PROVIDED MATERIAL ▸
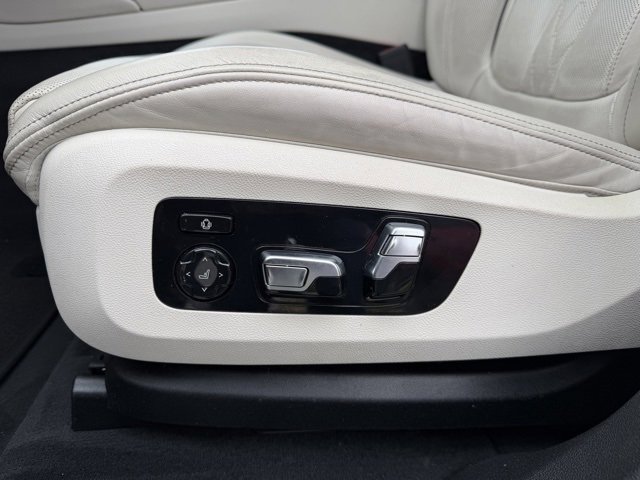 Used 2023 BMW X6 xDrive40i w/ M Sport Package image 9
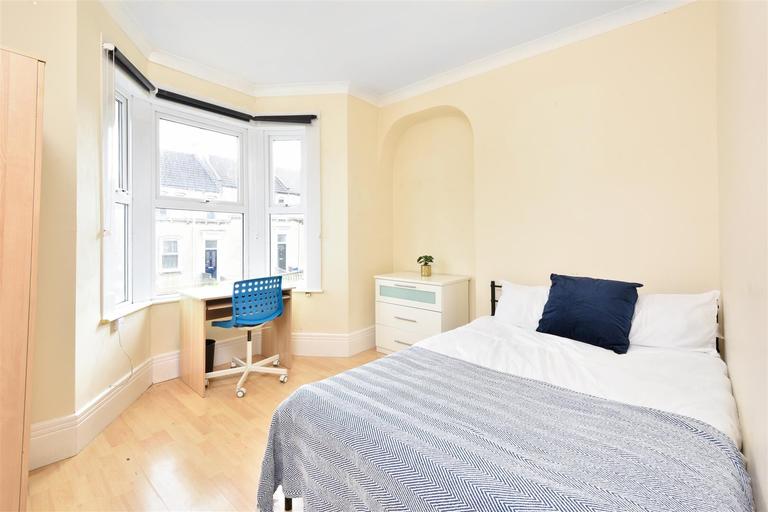 South Avenue, Oldfield Park, Bath, BA2 3PZ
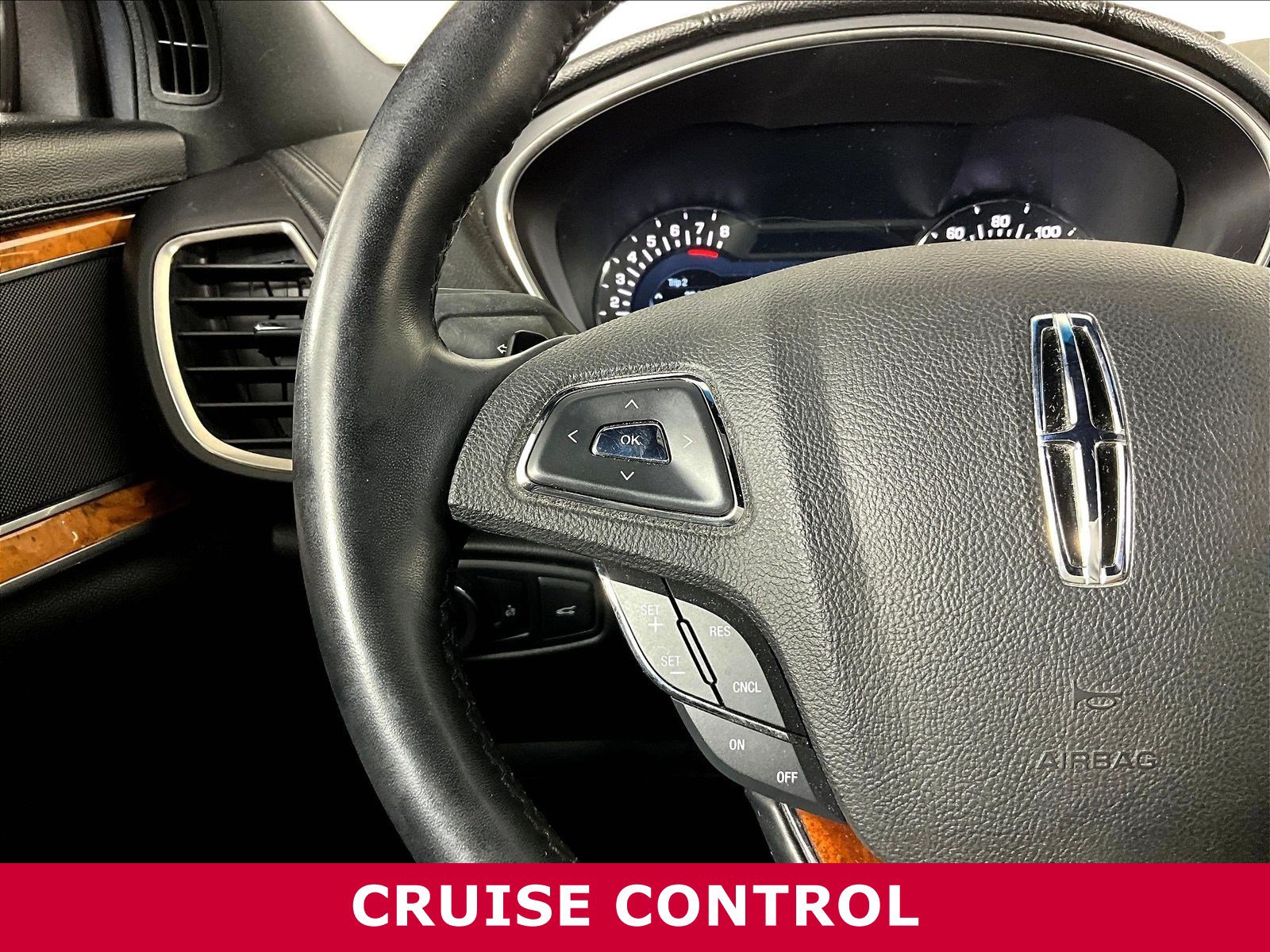 Used 2018 Lincoln MKX Select w/ Select Plus Package AWD/4WD image 11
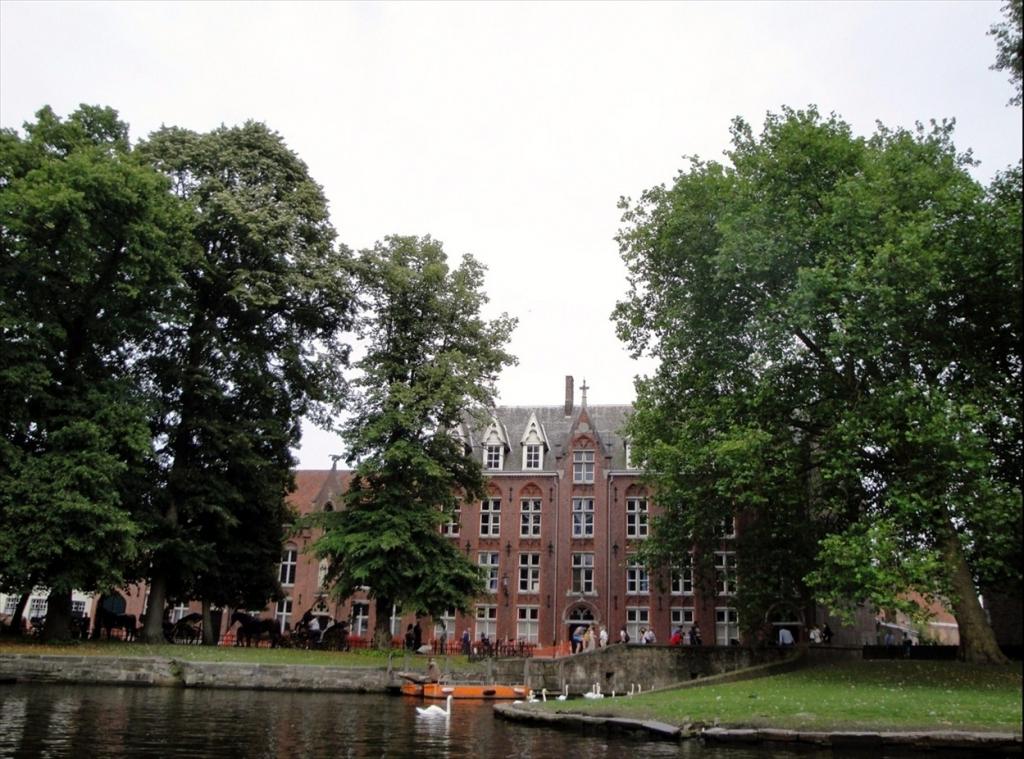 Foto: Wijngaardplein - Brugge (Flanders), Bélgica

THE TASK ▸
Output the data above exactly. Drop every picture.

YOUR RESPONSE ▸
 Used 2023 BMW X6 xDrive40i w/ M Sport Package image 9
 South Avenue, Oldfield Park, Bath, BA2 3PZ
 Used 2018 Lincoln MKX Select w/ Select Plus Package AWD/4WD image 11
 Foto: Wijngaardplein - Brugge (Flanders), Bélgica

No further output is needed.